▶ DATASET SECTION:
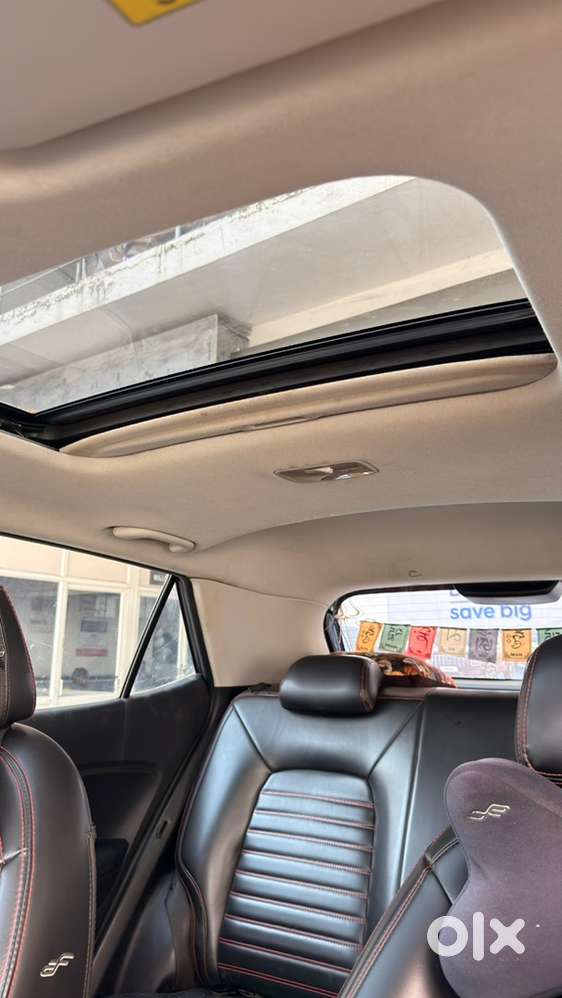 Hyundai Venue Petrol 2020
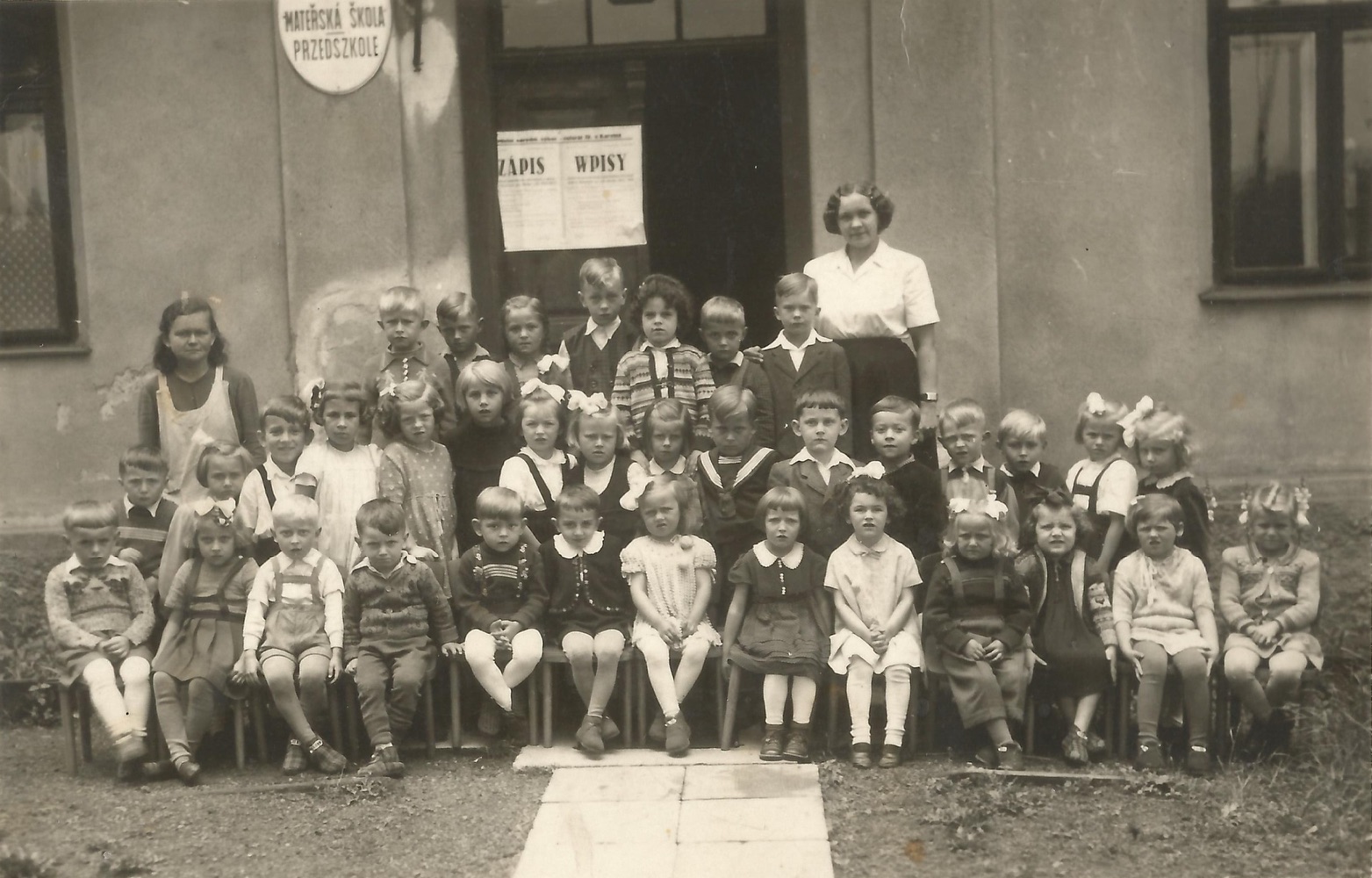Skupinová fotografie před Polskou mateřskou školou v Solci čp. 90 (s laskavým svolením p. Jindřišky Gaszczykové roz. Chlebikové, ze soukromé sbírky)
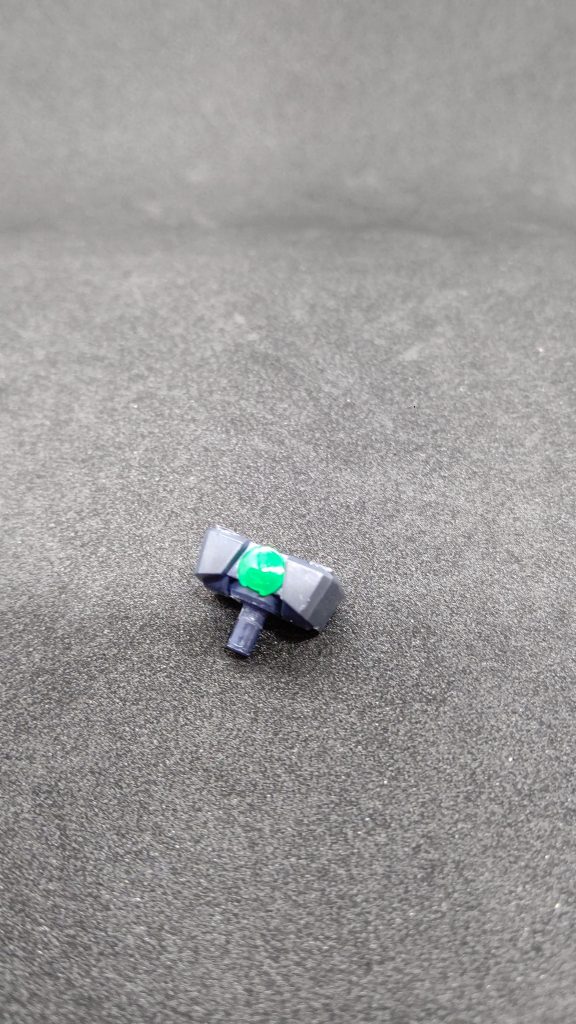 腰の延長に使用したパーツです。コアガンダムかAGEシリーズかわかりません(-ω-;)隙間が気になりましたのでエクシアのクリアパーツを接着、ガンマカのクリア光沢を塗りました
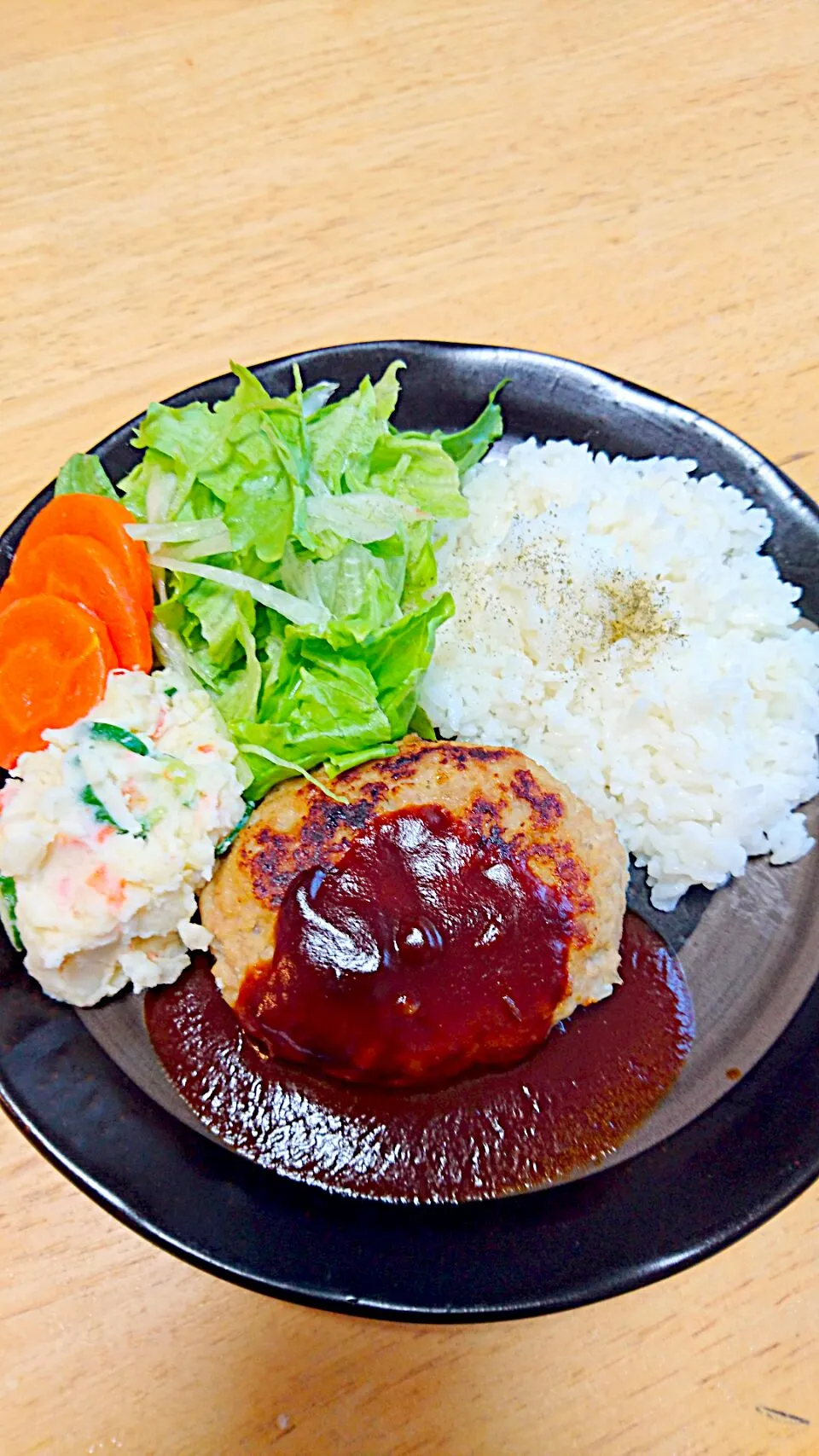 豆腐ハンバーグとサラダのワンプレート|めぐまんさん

▶ PROBLEM TO SOLVE: Skip every picture and retype only the lines from the line with "腰の延長に使用したパーツです" through the last line of the listing, both ends included, exactly as they appear.

▶ REPLY TO THE TASK:
 腰の延長に使用したパーツです。コアガンダムかAGEシリーズかわかりません(-ω-;)隙間が気になりましたのでエクシアのクリアパーツを接着、ガンマカのクリア光沢を塗りました
 豆腐ハンバーグとサラダのワンプレート|めぐまんさん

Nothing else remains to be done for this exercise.